Please forgive the lack of illustations. This would take too much time. You should use a solid model of a dodecahedron to follow the reasoning.

Also, I am not hiding the reasoning, It is a bit tedious to follow, so you shouldn't "accidentally" stumble over a trick that would spoil the solution. Only the final count is spoiler-protected.

First, some definitions.

A tile has 2 neighbours that touch both faces. Let's call close neighbour these 2 tiles.

Close neighbours can touch with 2 or 3 edges. Let's say tiles hug when they touch at 3 edges, and tiles are orthogonal when they touch only at 2 edges. Hugging tiles form a lozenge, orthgonal tiles form kind of a T shape.

Tiles are friends if they hug each other or they are friends transitively via a chain of hugs. Friendship relations partition the tiles into groups of friends.

OK. Now let's enumerate the positions.

  1. If a tile has no friend then both close neighbours are orthogonal. When you place these, the remaining faces form a region that allows only one way to place the remaining tiles. That position has the property that all tiles are orthogonal. This yields one position.

In the remaining positions each tile has at least one friend.

  1. If there is a group of 2 friends having no other friend, then the 2 tiles hug each other and have 2 orthogonal neighbours on the other sides. Placing these on a dodecahedron, the remaining faces form exactly 2 pairs, allowing for a single position. This position is such that it forms 3 groups of 2 friends.

The remaining positions must have groups of at least 3 friends, which boils down to 2 groups of 3 or one group of 6.

  1. If we have a group of only 3 friends, we have one tile in the middle hugging the 2 others. There are essentially 2 ways to place them together. But if you add the 2 orthogonal non-friends to the friends placed on the side, in one case these orthogonal tiles overlap, in the other case they leave 2 disconnected faces for the final tile. So this case yields no solution.

  2. The next case is a connected group of 6 friends. These must form a closed chain of 6 tiles hugging each other. This is easy to explore. Start from a tile (placed vertically). The next tile on the right is either higher or lower. Continue with the next tile until you hopefully complete the chain. The only patterns that work are HLHLHL... and HLLHLL. HHLHHL... also works but it results in the reflexion of the second position. So this case yields 2 solutions.
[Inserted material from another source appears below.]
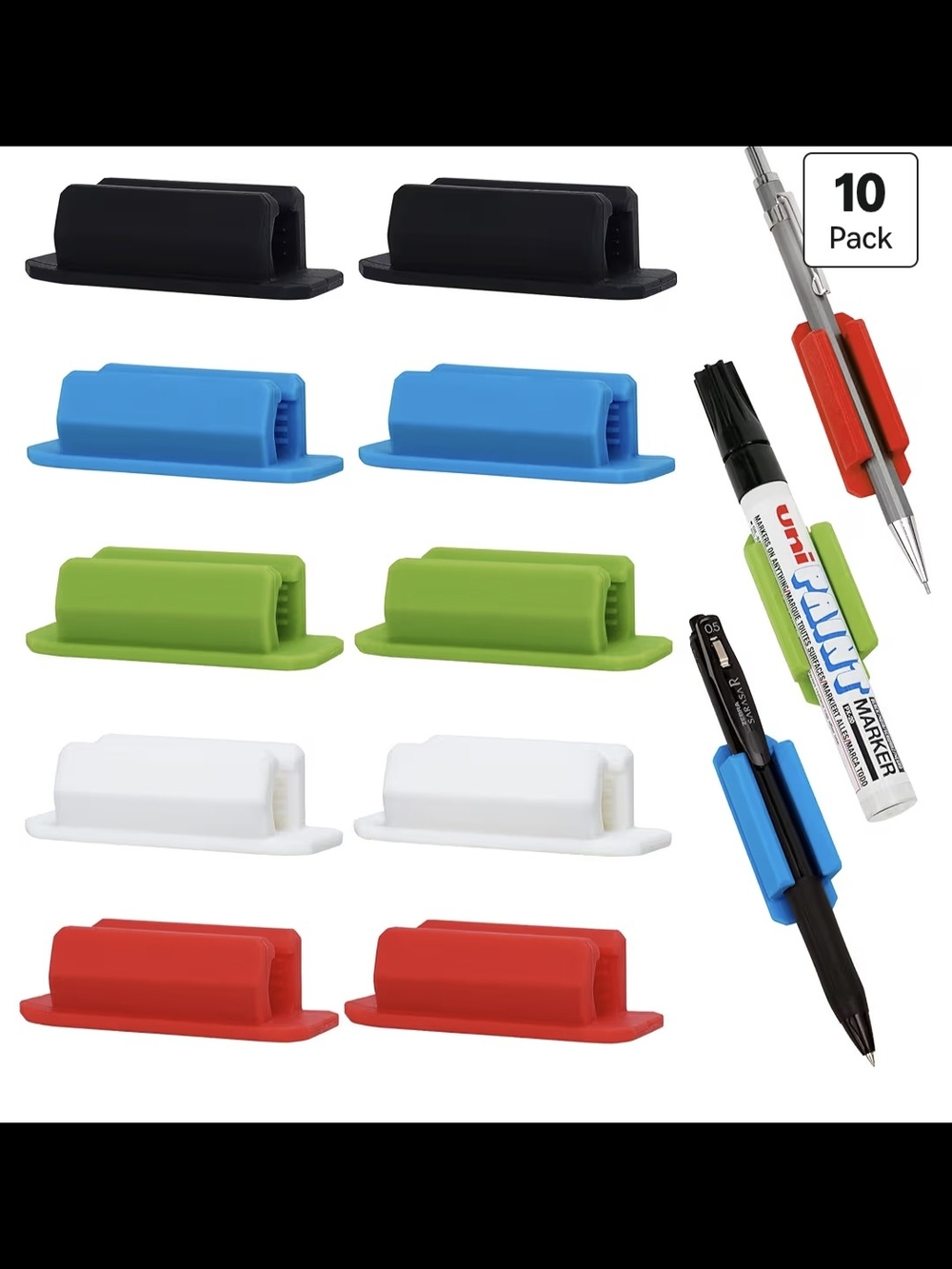 10-Pack Pen Grip Holders - Multicolor (Black, Blue, Green, White, Red)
  3. Update. Who says the 6 friends must form a closed chain. In fact they don't have to. It can be a string of 6 that end on both sides with a friend that happens to be in orthogonal position.
    Starting from one end of the chain, following the notation of point 4:
    HHH... doesn't work.
    HHL... forces HHLHH, which closes a loop already covered.
    HLHHL is the closed loop HHLHHL... again.
    HLHLH is the closed loop HLHLHL...
    HLLH... forces HLLHL which is the closed loop HLLHLL...
    HLLL... forces HLLLH which is a genuine new solution!

Conclusion. The number of essentially different placements of the tiles is ... tadaaa ...

not four but five!

One with all tiles orthogonal, one with 3 groups of friends, two with a closed chain of 6 hugging tiles and one with a non-closed string of 6 friends.

Update 2: the original question asked for the count without reflexions.

Well, we can start from the 5 tilings we have.
Point 1. yields a completely symetric tiling, even by reflection.
Point 2. yields a single chiral tiling. All 3 groups of friends form a lozenge in the same (chiral) way.
Point 4 yields 2 tilings. One chiral one not. HLHLHL is LHLHLH but HHLHHL is different from LLHLLH.
Point 5 yields also a chiral tiling (HLLLH is different from LHHHL).

All chiral solutions must be doubled if reflexions are not considered. There are 3 chiral solutions, that brings a total of 8 ways to tile modulo rotations only.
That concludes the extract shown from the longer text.